Initial pressure of the gas in both the vessels = P₀
Initial temperature of the gas in both the vessels = T₀
Initial volume = V₀
$\frac{\mathrm{C}p}{\mathrm{C}v}=\gamma$

(a) The temperature inside the diathermic vessel remains constant. Thus,
P₁V₁ = P₂V₂
⇒ P₀V₀ = P₂ × 2V₀
$\Rightarrow P_2=\frac{P_0}{2}$
Temperature = T₀
The temperature inside the adiabatic vessel does not remain constant.
So, for an adiabatic process,
T₁V₁^γ−1 = T₂V₂^γ−1
⇒ T₀V₀^γ−1 = T × (2V₀)^γ−1
⇒ T₂ = T₀ × 2^1−γ
⇒ P₁V₁^γ = P₂V₂^γ
P₀V₀^γ = P₂ × (2V₀)^γ
$\Rightarrow P_2=\left(\frac{P_0}{2^{\gamma }}\right)$

(b) When the valves are open, the temperature remains T₀ throughout, i.e. T₁ = T₂ = T₀ .

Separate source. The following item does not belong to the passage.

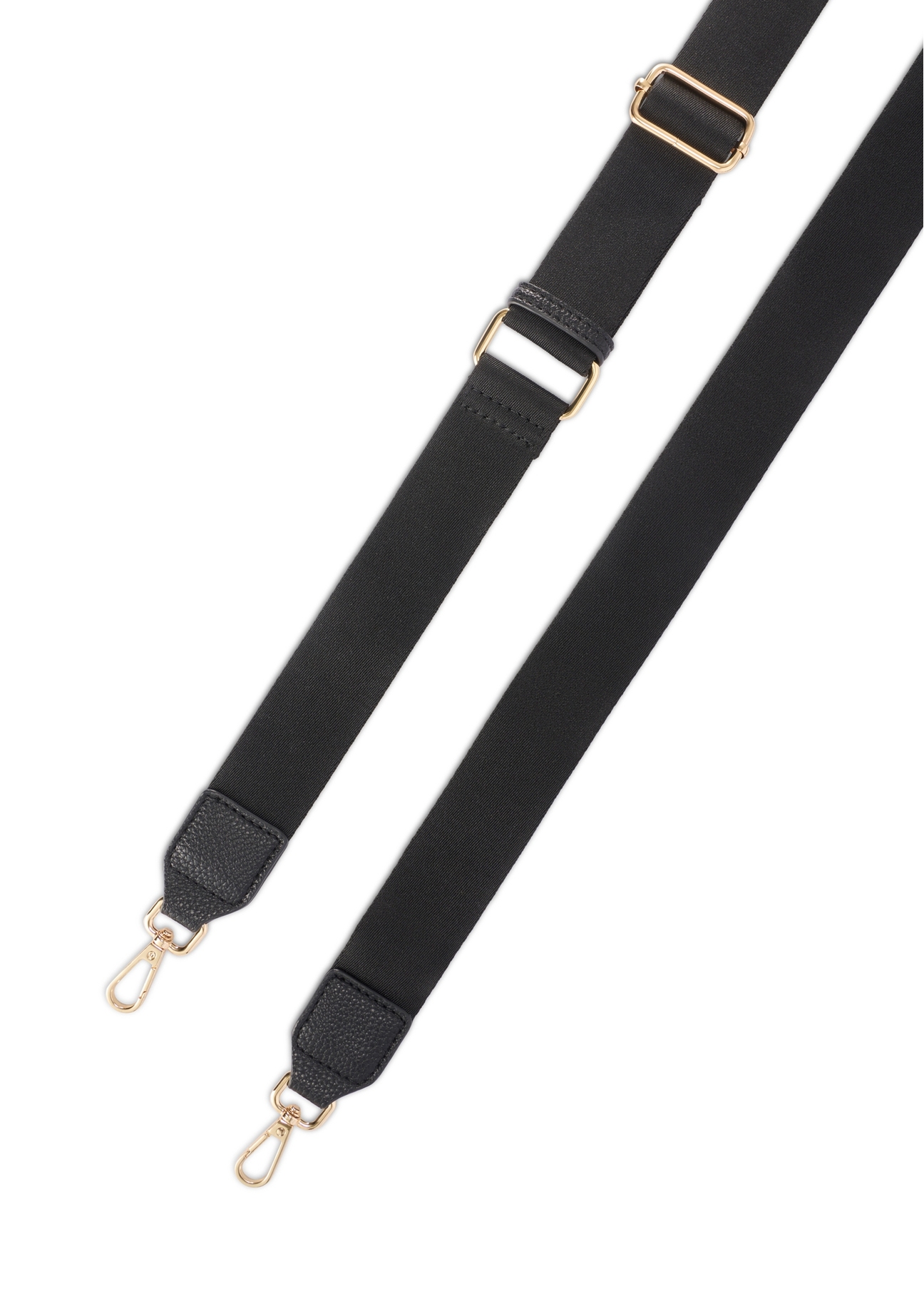 Mała czarna torebka damska TOREC-1174-99(W26), widok paska produktu na białym tle.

Also, pressure will be same throughout. Thus, P₁ = P_2. As, temperature has not changed on side 1, so pressure on this side will also not change (volume is also fixed due to fixed piston) and will be equal to $P_0$ (pressure is an intrinsic variable).
On side 2, pressure will change to accommodate the changes in temperature on this side.
So, P₀ = P₁ + P₂
⇒ 2P₁ = 2P₂
So, P₁ = P₂ = $\frac{{\mathrm{P}}_0}{2}$